Open House: stanze vuote riempite con l’arte di Chiara Tommasi

Viterbo: via Piave, quartiere Cappuccini. Un appartamento vuoto. Qualcuno arriverà ad abitarlo nella quotidianità della vita domestica. Nell’attesa, un’ospite a sorpresa si preannuncia: Chiara Tommasi (1966, Ravenna), artista che da anni lavora con immagini fotografiche e videoinstallazioni.
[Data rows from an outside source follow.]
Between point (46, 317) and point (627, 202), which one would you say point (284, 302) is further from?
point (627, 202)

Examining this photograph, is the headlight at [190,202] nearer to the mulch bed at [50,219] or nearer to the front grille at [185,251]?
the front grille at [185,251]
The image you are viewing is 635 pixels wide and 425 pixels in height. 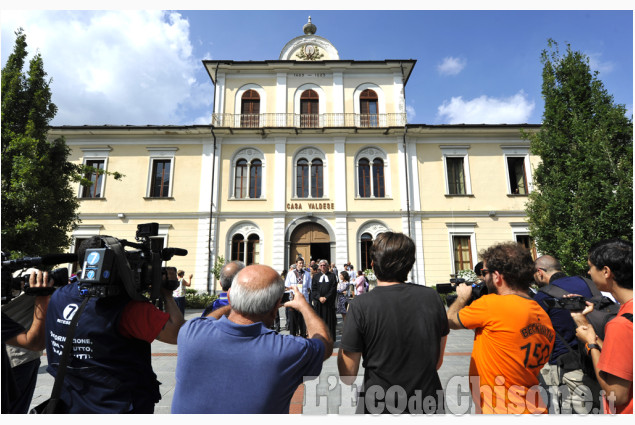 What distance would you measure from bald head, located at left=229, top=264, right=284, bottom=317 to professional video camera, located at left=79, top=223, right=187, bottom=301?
639mm

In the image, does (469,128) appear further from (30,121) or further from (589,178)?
(30,121)

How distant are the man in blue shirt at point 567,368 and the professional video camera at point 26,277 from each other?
349 centimetres

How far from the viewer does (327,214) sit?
1648cm

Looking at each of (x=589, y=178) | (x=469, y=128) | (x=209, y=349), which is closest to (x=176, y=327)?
(x=209, y=349)

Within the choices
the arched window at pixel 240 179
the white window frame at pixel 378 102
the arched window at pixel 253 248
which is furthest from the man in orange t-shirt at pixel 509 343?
the white window frame at pixel 378 102

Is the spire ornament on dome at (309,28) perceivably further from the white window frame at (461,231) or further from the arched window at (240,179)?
the white window frame at (461,231)

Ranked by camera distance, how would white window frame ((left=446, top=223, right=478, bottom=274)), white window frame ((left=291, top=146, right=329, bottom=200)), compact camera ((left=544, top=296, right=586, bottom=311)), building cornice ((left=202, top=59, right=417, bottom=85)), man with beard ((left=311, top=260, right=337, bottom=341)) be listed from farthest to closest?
building cornice ((left=202, top=59, right=417, bottom=85)) → white window frame ((left=291, top=146, right=329, bottom=200)) → white window frame ((left=446, top=223, right=478, bottom=274)) → man with beard ((left=311, top=260, right=337, bottom=341)) → compact camera ((left=544, top=296, right=586, bottom=311))

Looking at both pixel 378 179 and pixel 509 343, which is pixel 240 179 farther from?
pixel 509 343

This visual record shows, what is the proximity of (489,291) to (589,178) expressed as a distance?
41.1 feet

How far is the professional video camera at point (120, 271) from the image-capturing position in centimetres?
178

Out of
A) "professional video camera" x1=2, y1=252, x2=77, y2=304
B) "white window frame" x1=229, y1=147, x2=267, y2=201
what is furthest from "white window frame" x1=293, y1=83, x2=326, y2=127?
"professional video camera" x1=2, y1=252, x2=77, y2=304

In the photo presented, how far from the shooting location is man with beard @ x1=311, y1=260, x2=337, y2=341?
7195 millimetres

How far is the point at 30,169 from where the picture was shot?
8586 mm

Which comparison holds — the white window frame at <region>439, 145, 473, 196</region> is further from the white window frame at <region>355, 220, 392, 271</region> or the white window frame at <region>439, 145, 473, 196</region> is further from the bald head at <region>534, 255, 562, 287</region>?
the bald head at <region>534, 255, 562, 287</region> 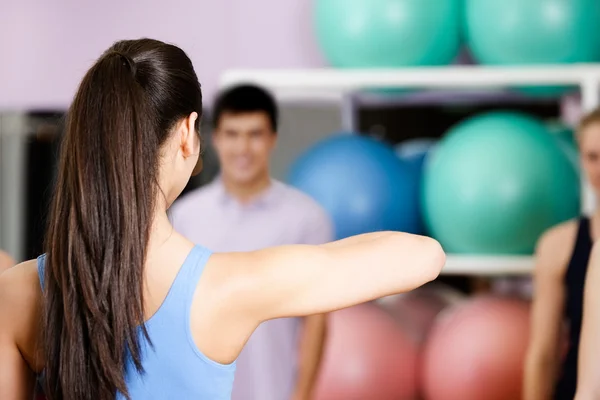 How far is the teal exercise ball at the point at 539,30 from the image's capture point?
229cm

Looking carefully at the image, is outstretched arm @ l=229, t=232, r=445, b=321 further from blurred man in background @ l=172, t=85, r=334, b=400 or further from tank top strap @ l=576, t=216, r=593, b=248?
blurred man in background @ l=172, t=85, r=334, b=400

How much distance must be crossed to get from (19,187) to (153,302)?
225cm

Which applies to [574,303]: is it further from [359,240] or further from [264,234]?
[359,240]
Chiara nella casa porta una sua performance accolta dalla storia autoctona e stratificata dell’abitazione, che ha e mantiene un suo carattere, cioè – come ci dice la curatrice dell’iniziativa, Serena Achilli – “un vissuto che è ancora lì, con i muri e la sua carta da parati anni ’70”; la stessa memoria la possiamo intendere proprio “come un grande appartamento, all’interno del quale conserviamo i frammenti della nostra esperienza passata, delle stanze dove possiamo entrare e recuperare emozioni…”.

Chiara Tommasi sviluppa qui un lavoro con sovrapposizioni di immagini e presenze, ritrovando e proponendo un suo tema evocativo, con “attenzione ai dettagli, il concentrarsi sull’individuo, la ricerca nei gesti e nelle emozioni; un esistenzialismo radicale che arriva diretto alle domande che poi rimangono senza risposte, interrogativi lasciati lì fermi, fotografati.

Non c’è narrazione, ci sono solo dei richiami presi da quelle stanze della memoria. Appunti, sulla presenza-assenza, sulla famiglia e sul tempo in un luogo che ha passato tutto questo. Uno spazio che se potesse parlare racconterebbe di dialoghi, di sguardi, di paure, gioie e amori, vissuti proprio lì tra quelle pareti. In una sorta di sospensione, Chiara si muove alla ricerca di un frame come espressione dell’interiorità, in una forma quasi metafisica, al di là dell’osservazione e della descrizione.

Utilizzare e dare vita diversa ad una casa che è in una fase di passaggio e che ora è pronta a cambiare aspetto. Stanze vuote che per qualche ora, torneranno a vivere con e nell’arte, in un inconsueto incontro.”

Questo evento si è tenuto nei giorni 5 e il 6 gennaio; il primo appuntamento dei quattro previsti per il 2018 dal progetto Open House, realizzato grazie a Immobiliare Med-Imm di Viterbo che, a conclusione degli eventi d’arte contemporanea (quattro eventi in quattro diversi luoghi), produrrà un catalogo.